Jarich also said it will be interesting to see how many jobs the companies wind up cutting in the United States, France and China after making specific pledges to regulators to promote investment in those countries.

Nokia and Alcatel-Lucent are a good complement for each other, with Alcatel-Lucent bringing IP, software, BSS, backhaul and fixed access elements that fill out Nokia's product portfolio, Schoolar said. The companies' overlap in wireless is really only in the United States and China, he noted, and in the U.S, they are both only really selling gear into one major operator, Sprint (NYSE: S).

TBR thinks Nokia Networks and Alcatel-Lucent are already the leading vendors outside of Huawei and ZTE to China Mobile, China Telecom and China Unicom, with larger market shares than Ericsson. "Combined, the two vendors will hold significant market share that will challenge, but not exceed China-based rivals due to the Chinese government's preference to favor domestic vendors," Soper said. "While Nokia's presence within the three operators' accounts is limited to radio access and mobile core infrastructure, Alcatel-Lucent provides them with core routing, optical, and fixed access equipment, in addition to wireless access equipment."

After the deal closes, Soper said that "Nokia will be in a much more advantageous position in the U.S., where Alcatel-Lucent and Ericsson currently dominate." He said he does not think Nokia "has to worry about key Alcatel-Lucent customers defecting to rivals during the integration or portfolio culling process. Tier 1s value scale, continuity and existing relationships highly. Samsung lacks scale, while Huawei isn't allowed to compete for Tier 1 contracts in the U.S."

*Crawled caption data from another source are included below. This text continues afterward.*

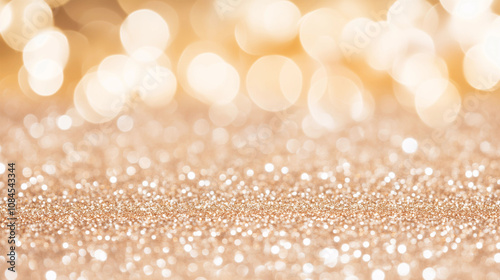 Feierlicher Gold Hintergrund mit Bokeh Licht und leuchtenden Sternen für Weihnachten Silvester oder Geburtstag photo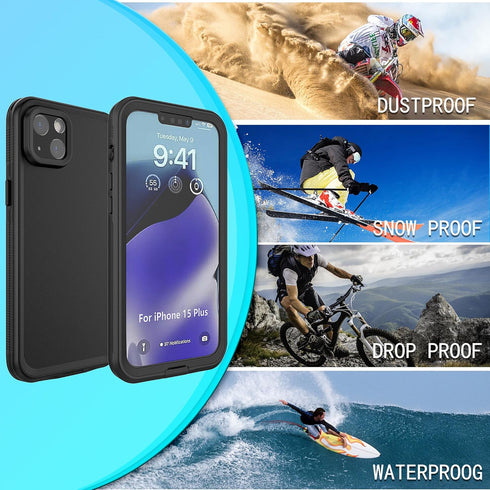 for iPhone 15 Plus Waterproof Case,Retail Packaging,IP68 Full Sealed Snowproof Dustproof Shockproof Heavy Duty Protection Cover with Screen Protec...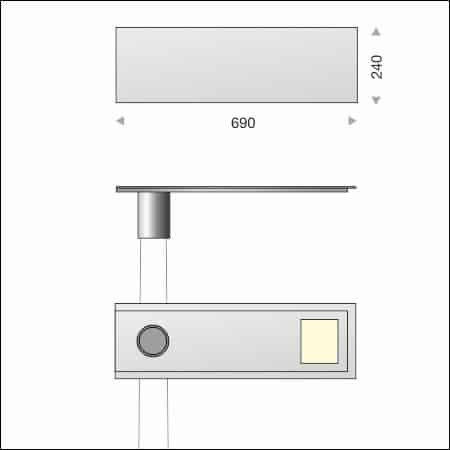 Pole light LED-TABULARE F - TECHNICAL DRAWING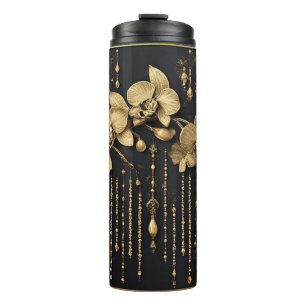 Luxuriöse goldene Orchideen-Blumenkunst Thermosbecher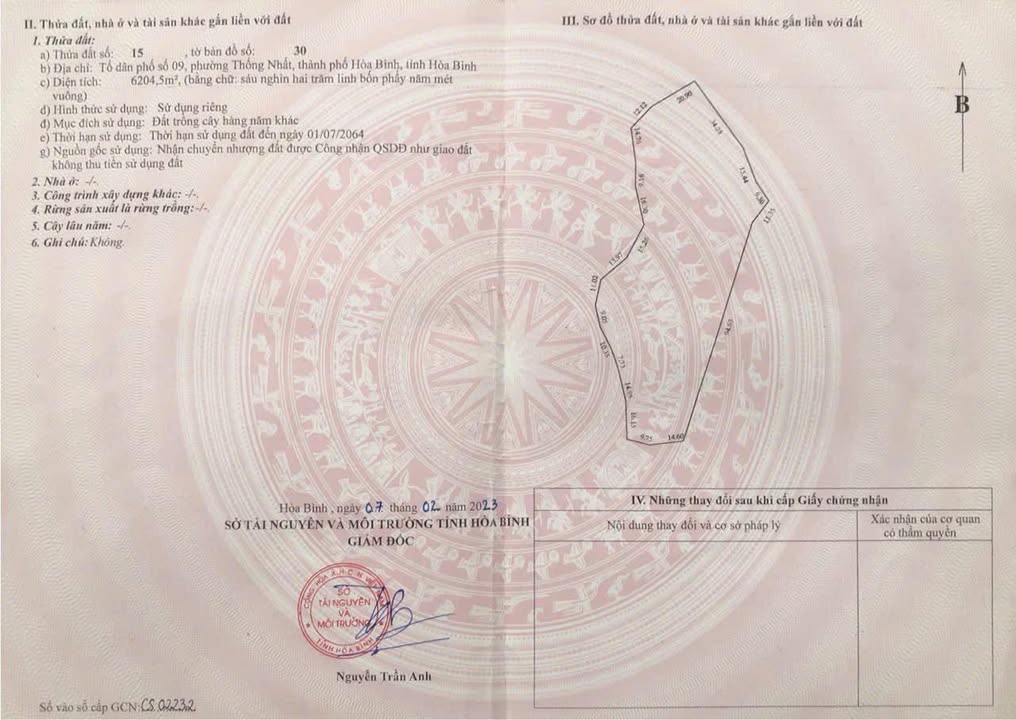 Đất vườn 6000m² mặt đường nhựa 12m tại phường Thống Nhất, Hòa Bình - Cơ hội đầu tư tuyệt vời!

However, there could be defections ahead, and added that "some of Alcatel-Lucent's Tier 2 or 3 customers could elect to roll out new technologies with Samsung or Huawei. Huawei especially has been forging relationships with smaller U.S. operators."

Jarich sees a more strategic challenge for Nokia and noted that over the last several years Ericsson, through small acquisitions, has positioned itself as more of a software and IT vendor than a singularly-focused vendor catering to telcos. Ericsson is "bulking up in terms of systems integrators," he said, which helps its services business. Nokia and Alcatel-Lucent "don't get any benefit in that space" from the deal, Jarich said.